What’s better for business: pure EV or hybrid fleets?
12th August 2021
Switching your fleet from internal combustion engine (ICE) vehicles to electric vehicles (EVs) is a big decision. One that may involve an equally big investment. It’s not surprising that every organisation wants to get it right first time.
With so much choice between ‘pure’ EVs and ‘mild’, plug-in and self-charging hybrids, it can be a very tricky decision to make.
Here, we compare the different technologies that could help electrify your fleet.
Battery electric vehicles (EVs)
These are vehicles that are powered only by electricity. With no other fuel inputs, they’re known as Battery EVs (BEVs). They’ve got large batteries which need to be plugged in to charge before driving.
As they run on electricity - which is increasingly generated by renewable sources - they’re a more sustainable alternative to ICEs. They produce no carbon emissions or harmful tailpipe pollution.
EVs are cheaper to run than ICE or hybrids, because electricity’s far cheaper per mile than petrol or diesel, and carries no fuel duty. Alongside this, there are a number of Government incentives, ranging from zero vehicle excise duty to grants.
With fewer moving parts than ICE or hybrid vehicles, EV fleets should incur lower maintenance costs, too.

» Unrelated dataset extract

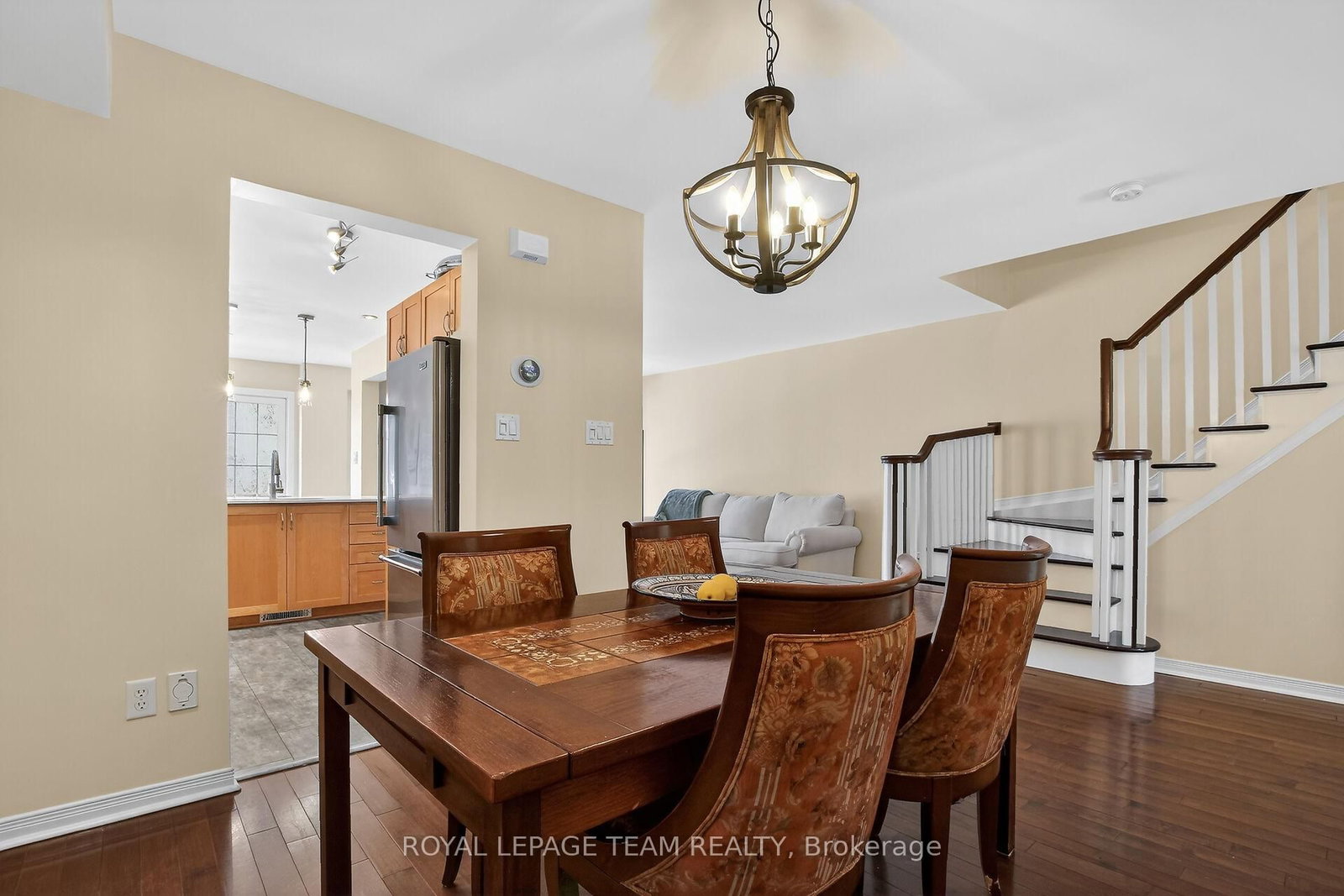 Townhouse for sale at 19 Goldthorpe Private, Ottawa, Ontario, K2J 5L6 - Barrhaven - Stonebridge - MLS: X12930228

These mean their whole life costs can be much cheaper than their apparent headline costs. A pure EV fleet also has the potential to become an asset rather than a cost centre as vehicle to grid (V2G) charging comes on stream at scale.
Upsides of pure EVs
- Zero tailpipe emissions
- Valuable incentives to switch
- Lower whole-life costs than ICE and hybrid vehicles
- A future-proof choice
Downsides of pure EVs
- Investment required in charging facilities
- May require significant new electric infrastructure – which will require a business case
- You may require an audit of your organisation’s and your fleet drivers’ needs before making the business case for EVs
Mild hybrid vehicles
These are effectively ICE vehicles with a more powerful starter motor called a belt alternator starter (or a 40v battery). This enables them to recover energy that would normally be lost in braking.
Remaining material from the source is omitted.